Deep Insights in Social Media
Back in 2014 I completed my master’s thesis; a paper focused on the use artificial intelligence to improve the social media experience for the average end-user. The paper scored a solid final grade, but its theoretical nature left me yearning to conduct deeper research. I wanted to build something concrete; something “real.”
This is the brief story of my proof of concept social media “deep analysis platform”. Or basically, the result of week and a half of programming and about $160.00 in AWS cloud computing fees.
The Technology Stack
I won’t go into excruciating detail here, but suffice it to say the main building blocks of the platform consist of an unstructured text search engine, a visualization interface, an ETL engine, and some custom Python code to properly pull data from the Twitter API. For the time being, I’m calling this platform “Antler.” Why Antler, you ask? Because a good portion of the code was written in a west Texas home office which happens to exhibit a trophy whitetail deer head mounted on the wall. I needed a name, and that deer’s persistent stares left an indelible mark on my memory.
I wanted to build a data platform that was conducive to performing natural language processing. I had no other goals, aspirations, or preconceived notions for that matter. However I did need to identify a target company to analyze for my research. (And also as a practical means of limiting the scope of my effort.)
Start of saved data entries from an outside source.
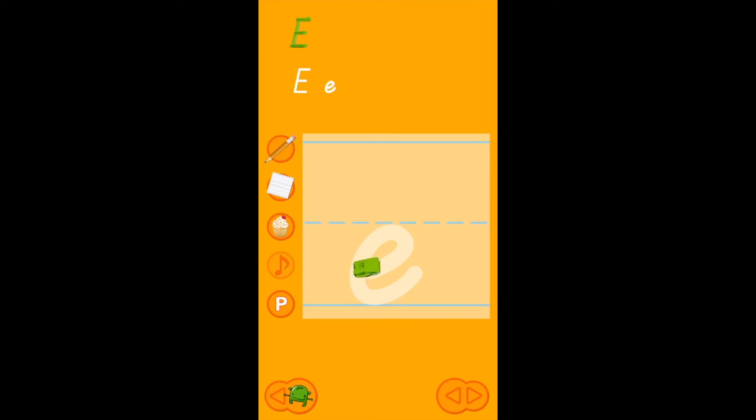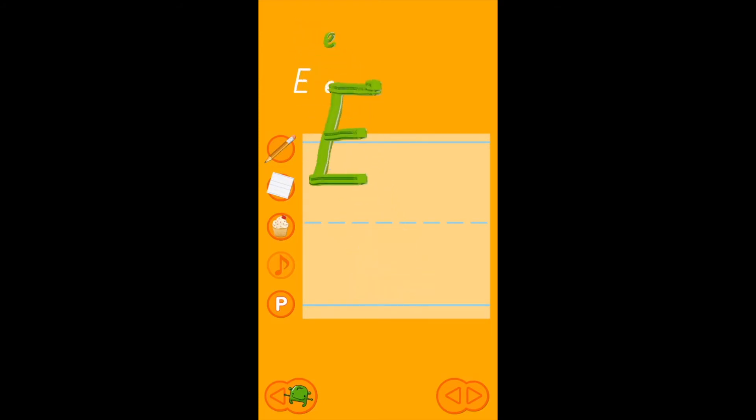So let's go ahead and start halfway between the middle line and the baseline. Here I go. Come around here, swirl around, touch the baseline and go up. And that was baby E. Big E, baby E.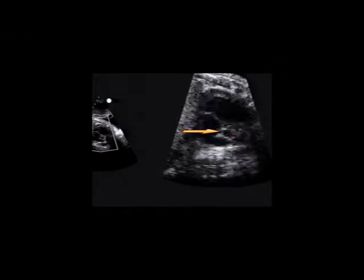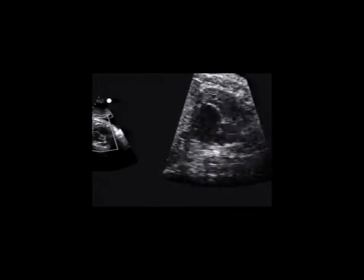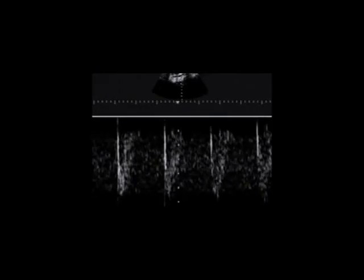В сечениях по короткой оси мы видим нормальную аорту и нормальную лёгочную артерию. В лёгочной артерии регистрируется ламинарный спектр кровотока.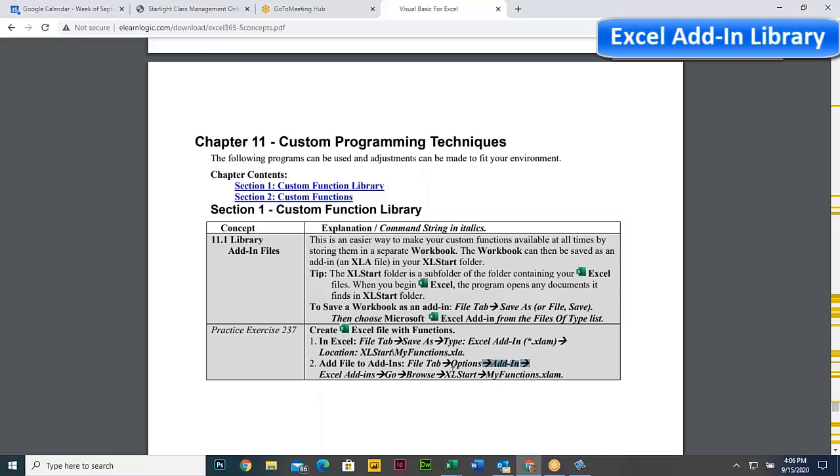And you simply go to your add-ins and you add this in as an add-in function. And it's an Excel add-in. That means every time you open up Excel, it loads the add-in.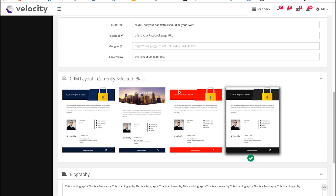The CRM layouts will be saved for the more advanced training. However, I'll just show you that this is where you would select which layout you want to show up for all your CRM campaigns.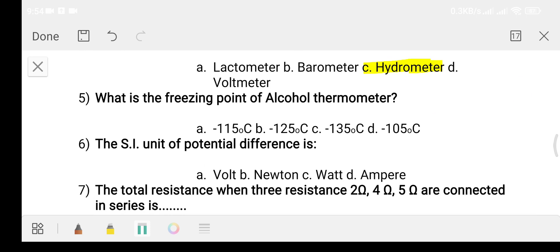Question five: what is the freezing point of alcohol? Option A: minus 115 degree Celsius. Option B: minus 125 degree Celsius. Option C: minus 135 degree Celsius. Option D: minus 105 degree Celsius. The answer is option A, minus 115 degree Celsius.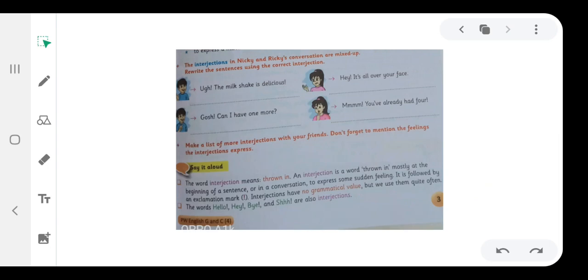The milkshake is delicious. In place of ugh, we will write hmm. Hmm shows contentment of something.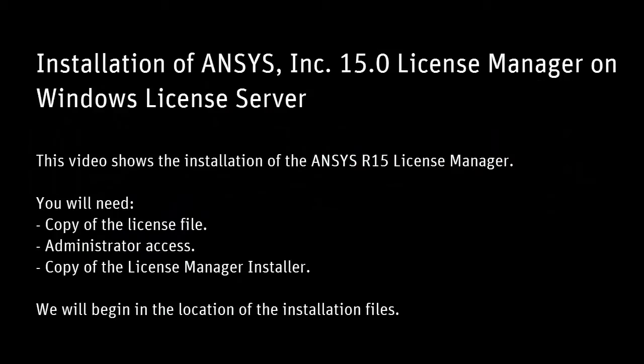This animated tutorial will walk you through the installation procedure for the ANSYS 15 license manager. A couple items you'll need prior to installation are a copy of the license file to be installed on the license server machine or an existing license installed on the license server machine.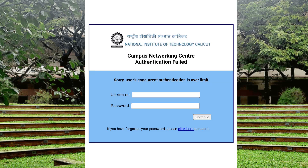Hello friends. We are observing mostly student-facing issues while connecting to the internet. They are observing a 'user concurrent authentication is over limit' issue. In this video we will learn how to overcome that issue.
The company I chose to profile is a global fashion retailer who does close to $4 billion (USD) in revenue each year. My experiment focused on collecting any and all Twitter social media data related to this company. Every Tweet, like, or re-Tweet. What I found after a just a short amount of analysis was fascinating. What follows are the summary of just three key insights; knowledge that would have been very difficult to derive without such a platform.
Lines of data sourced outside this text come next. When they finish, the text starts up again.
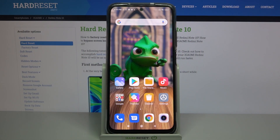Hi, in front of me is Xiaomi Redmi Note 10 and today I would like to show you how you can turn on or off auto rotation on this device.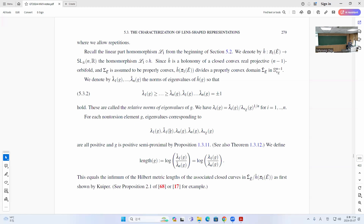We need to consider these eigenvalues. The length is actually only given in terms of the transverse projective structure with the Hilbert metric, so you just need to consider these relative eigenvalues. Since they have the same ratio, you can just think of it this way and drop the tilde.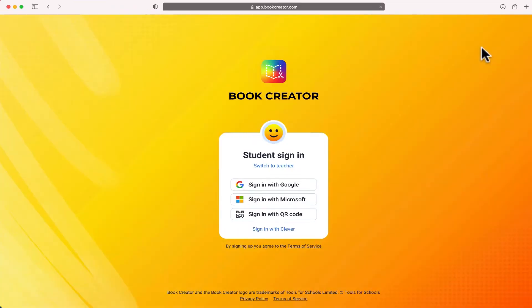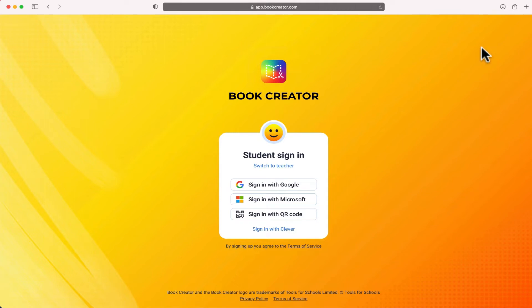There's one thing I need to make you aware of: when you first click this yellow button, if you look underneath that smiley face, it says 'student sign in'. Now I'm guessing that if you're watching this video, you're probably a teacher. You want to make sure you switch this to teacher.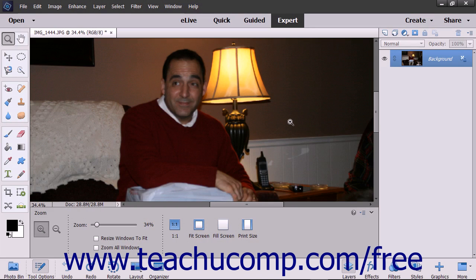The Unsharp Mask Filter applies sharpening to edges in a photo. This technique is most easily shown in pictures intended for on-screen display, but also works well for printed images. However, for printed images, you may need to adjust the settings to optimize the printed quality.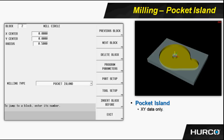In the pocket block, we tell it how fast, how deep, and what tool. The only data necessary for a pocket island is X and Y data.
Insight #1: Questions vs Statements
After slicing and dicing several thousand Tweets from the company’s corporate account, I started to assemble my data model building blocks. One of those buildings blocks are “interesting variables” or attributes of the Tweets. Was the Tweet classified long, or was it short? Was it informational, or was there a call to action? After some noodling around, I settled on a very simple classification scheme: was the Tweet a question, or was it a statement? Just in case the difference between the two aren’t clear, here’s an example of a question versus a statement:
Question: Are you a fashionista? Grab the latest trends for 2017 here. (Link)
Statement: Fashion alert! (Emoji) Grab the latest trends for 2017 here. (Link)
So what did I notice? First, the company had a clear bias towards Tweeting in the “statement” style. To be exact, over 1,000 statement-style Tweets versus only about 200 question-style Tweets:
However, when I augmented the categories of Tweets with the count of ReTweets, the results were intriguing:
Here are the actual numerical breakdowns for the two classes of Tweets:
- Tweets: 1,046
- ReTweets: 7,376
- ReTweet Ratio: ~7:1
- Tweets: 209
- ReTweets: 3,750
- ReTweet Ratio: ~18:1
Clearly, question-style Tweets have much better ReTweet ratios than statements. Perhaps it’s the natural “call to action” we as humans respond to when we’re given a bonafide question? The jury’s still out on that hypothesis, but one thing is certain: it wouldn’t hurt to throw in more question-style Tweets in the future!
Insight #2: Complaints
The algorithm for finding complaints is fairly simple: a user Tweets to the company, and the company almost always responds with a finite set of responses. (E.g. “we’re sorry," or “tell us about the problem,” etc). Once “complaint” Tweets were identified, I did two things with this subset of data: (1) calculate basic statistical breakdowns and (2) try to enumerate the major problem categories through natural language processing.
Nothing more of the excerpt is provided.